Though the appellate court’s impartiality was not an issue in Mian, the Supreme Court took it into great consideration. Specifically, it took issue with the ambitious use of this discretion, which may call into question the court’s role as an unbiased arbiter. As stated by Justice Rothstein, at para 42, “[C]ourts cannot be seen to go in search of a wrong to right” (R. v. Mian,supra, para 42). To protect against such an outcome, the Supreme Court tied the discretion of raising new issues directly to the Court’s function to prevent an injustice, and only for that purpose. In doing so, it reiterated the role of appellate courts as independent and impartial decision-makers, as well as their deferential role on appeals.
In crafting the threshold, the Supreme Court attempted to reconcile between two competing considerations: preserving the adversarial system for the fact-finding mission, and the judiciary’s role to uphold justice.
The adversarial system in place allows the parties to present their versions of the truth to an unbiased third-party for a rendering. Central to the proper functioning of this adversarial system is the appearance of impartiality of the decision-maker. While an appellate court may intervene to better understand the truth, the manner in which it does this could also undermine the court’s unique role in the resolution process.
Notwithstanding this, as highlighted by the Supreme Court, it is equally an appellate court’s function to review errors of laws, seek the truth and correct any injustices. To do so, the court must have certain procedural powers to take on an active role during proceedings to satisfy itself of the truth, where the parties’ have been unable to do so.

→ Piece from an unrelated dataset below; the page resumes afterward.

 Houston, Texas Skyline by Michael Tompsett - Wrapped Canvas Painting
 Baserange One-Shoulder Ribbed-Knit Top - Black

To strike a balance between these two roles, the Supreme Court limited the appellate courts’ discretion to raise new issues on appeal only in order to correct an injustice. It cited examples of situations where a self-represented litigant may need assistance, or where intervention would be required to correct a seemingly unreasonable criminal sentence.
The Supreme Court recognized that a preliminary assessment would be needed to determine whether the new issue meets the injustice threshold. Where there are no early indications of an injustice by failing to raise a new issue however, a failure to carry out a preliminary assessment would not be an error of law.
Other considerations include whether the court has jurisdiction to consider the issue, whether there is sufficient evidentiary record to determine the issue, and whether doing so would cause procedural prejudice to either party. There are also procedural safeguards put in place, many of which already exist, such as providing notice to parties of the new issue.